**TASK DESCRIPTION:**
Reproduce only the lines below from the line containing "Immunoprecipitation - Anti-Transaldolase" to the line containing "Bacterial Growth in the Lab [upl. by Robbie]", exactly as written, with both end lines kept. Omit the pictures.

**RECORDED DATA:**
::::::::

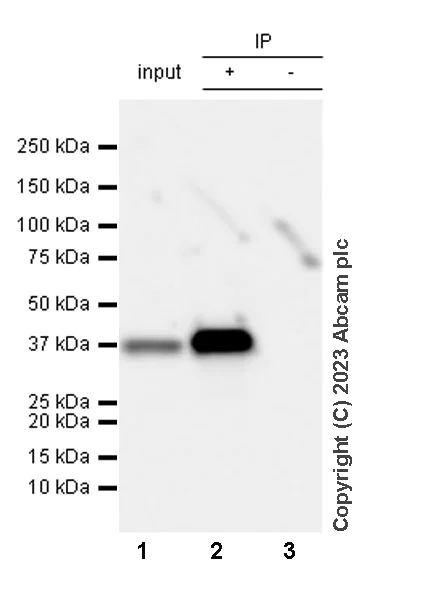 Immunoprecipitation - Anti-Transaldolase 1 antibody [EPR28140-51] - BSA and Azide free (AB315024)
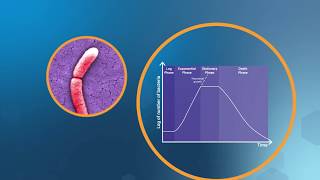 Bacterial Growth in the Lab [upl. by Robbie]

::::::::

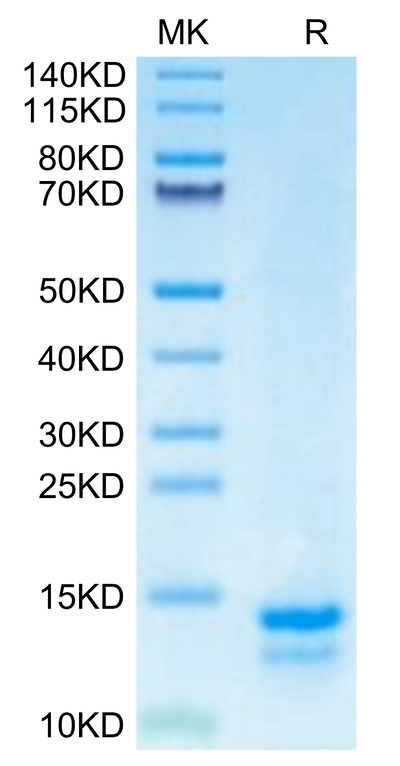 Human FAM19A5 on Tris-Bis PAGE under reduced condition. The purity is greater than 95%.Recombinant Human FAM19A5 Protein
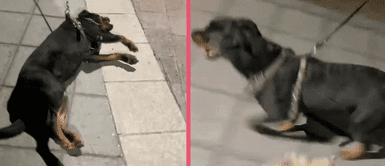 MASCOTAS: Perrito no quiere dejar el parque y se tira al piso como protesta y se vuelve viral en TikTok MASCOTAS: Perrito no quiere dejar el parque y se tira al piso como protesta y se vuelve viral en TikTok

::::::::

**ANSWER SPACE:**
 Immunoprecipitation - Anti-Transaldolase 1 antibody [EPR28140-51] - BSA and Azide free (AB315024)
 Bacterial Growth in the Lab [upl. by Robbie]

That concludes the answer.